What starts as a daughter's personal journey becomes an examination of a far-reaching phenomenon: a right-wing media ecosystem—backed by libertarian billionaires, conservative think tanks, and political operatives—designed to manipulate public opinion, deepen polarization, and shift the political landscape to the far right. Through historical analysis and intimate storytelling, the documentary looks at the hidden mechanisms behind this radicalization.

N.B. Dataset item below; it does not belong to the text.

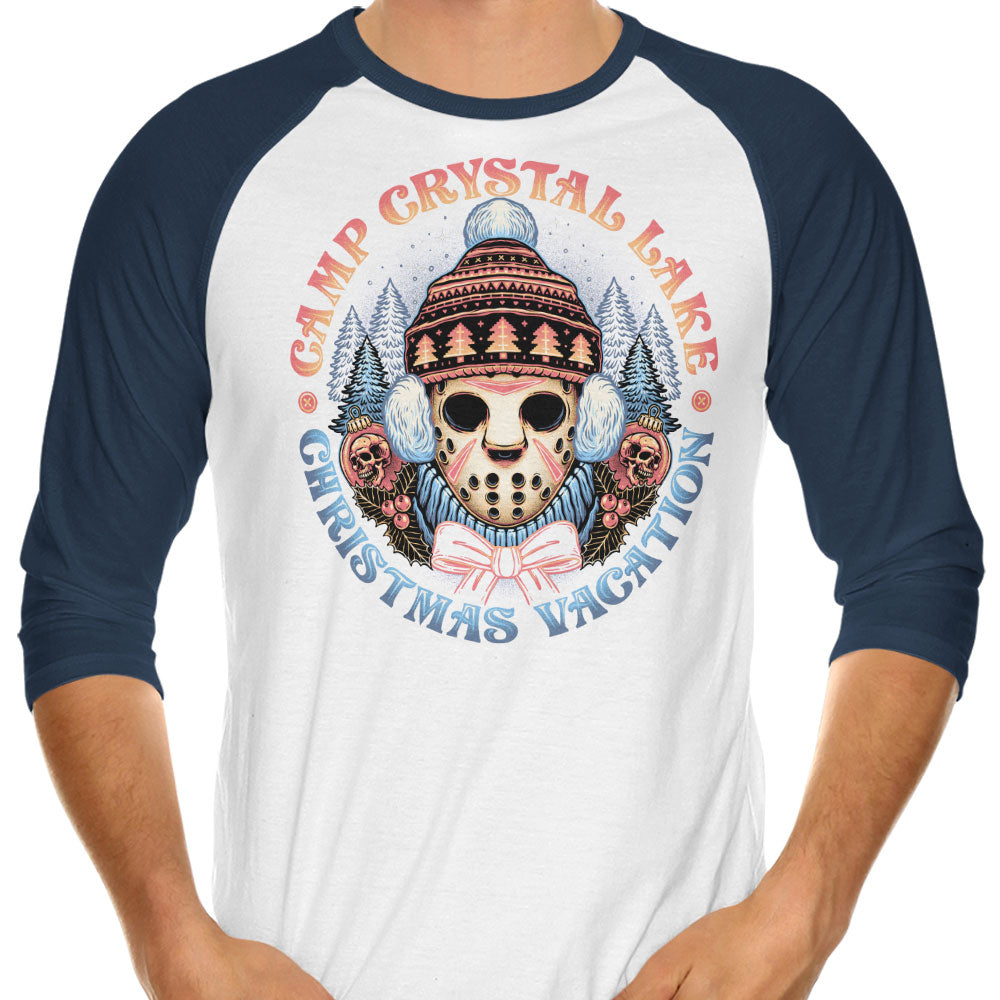 Camp Christmas 3/4 Sleeve Raglan - Adult & Kids T-Shirts, Sweatshirts & Hoodies apparel design preview 1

The film raises what Senko views as urgent questions: Who controls the media? What rights do audiences have? And what responsibility does the government bear in ensuring a fair and truthful media landscape?

==Content==
Senko's father, Frank, was originally a mild-mannered "nonpolitical Kennedy Democrat" who changed into a combative far-right Republican in the late 1980s and 1990s., as he began listening to conservative talk radio during a long commute to a new job. In particular, he listened to Rush Limbaugh and watched Fox News. In his final years, Frank's views largely changed back to middle of the road due to his wife, Eileen, exposing him to less-biased media.

==Production==
The film gained 947 backers on Kickstarter. People who noticed the campaign and had similar stories wrote to Senko. She followed up by Skype to interview them about their stories, which were included in the film. One Kickstarter backer, Ryan Smith, became an executive producer and provided the remaining funding needed. Other executive producers were: Danny Goldberg and Jennifer Schultz. Matthew Modine and Adam Rackoff of Cinco Dedos Peliculas production company came on as producers. Mr. Modine also co-narrated the film along with Jen. Archivist Richard Kroll was hired to search for photographs and video material. A work in progress version of the film showed at the Traverse City Film Festival in August of 2015. The theatrical and streaming version was released in March 2016.

==Reception==
=== Critical response ===
On review aggregator Rotten Tomatoes, the film holds an approval rating of 58% based on 12 reviews, with an average rating of 7.20/10. Christine N. Ziemba of Paste wrote "Through anecdotal and social science research, Senko's film also provides much-needed insight as to why Donald Trump's caustic discourse and demagoguery is catnip for so many people." Carole Di Tosti of Blogcritics wrote a positive review, saying that "The documentary is well edited and tells a fascinating story of propagandists, stealth and wealth. Senko exposes how the conservative media network seeded anti-democratic values by changing the issues to 'morality and family values' [...] diverting the focus from economic equality."